From the Cradle to the Grave

Passing through Scandinavia, as he has many times for 40 years. Veteran Foreign Correspondent Negley (The Way of a Transgressor) Farson made his customary mental notes about those happy lands. The landscape: "refreshingly beautiful." The cities: "no slums." Social legislation: "far ahead." Chief characteristic: "about the last place in Europe where sanity still survived." But on one point Farson found himself baffled. "Why," he wrote to Denmark's biggest newspaper. Berlingske Tidende, "in countries noted for their social services and the almost universal kindness of one man to another, in lands where legislation seemed to have abolished most of the misfortunes of life, should Sweden and Denmark have the two highest suicide rates in the world?"*

Though not avid writers of letters-to-the-editor, Danes flooded the paper with replies. Excerpts:

P: "The Danish landscape is fat with a mild, monotonous beauty. The mentality is solid, calm and apparently healthy. But the psychical monotony in a strong mind creates depression. Remember that the inhabitants of these countries in olden days set out on the high seas as rough pirates."

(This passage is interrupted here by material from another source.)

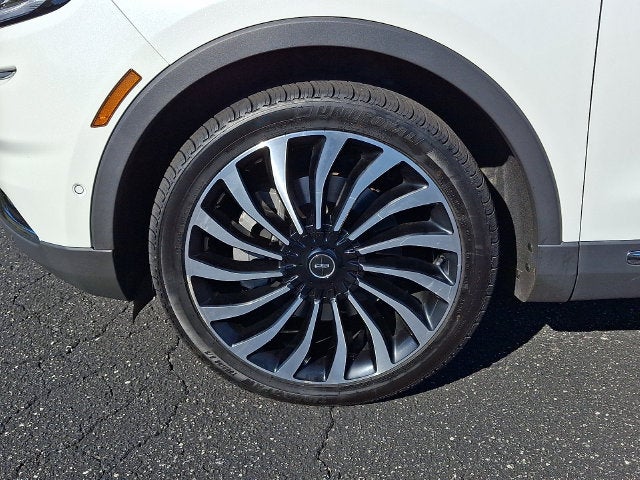 2021 Lincoln Nautilus Black Label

P: "All Danes are looked after and taken care of from the moment they are born. There is nothing more to fight for."

P: "The cause of suicide is too much reason. Animals, as you know, do not commit suicide."

P: "The reason is a lack of God. We need a church which has really got contact with the people."

P: "The welfare state kills the instinct of self-preservation. There's nothing man has to fight for."

P: "We are like spoiled children. When danger and pressure are taken away, neuroses flower, the birthrate declines, and the suicides mount."

Some argued that the Danes simply keep more accurate statistics on suicides. Said Farson: "That plea I won't accept."

*The rates: one in 4,431 people in Denmark; one in 4,460 for Sweden.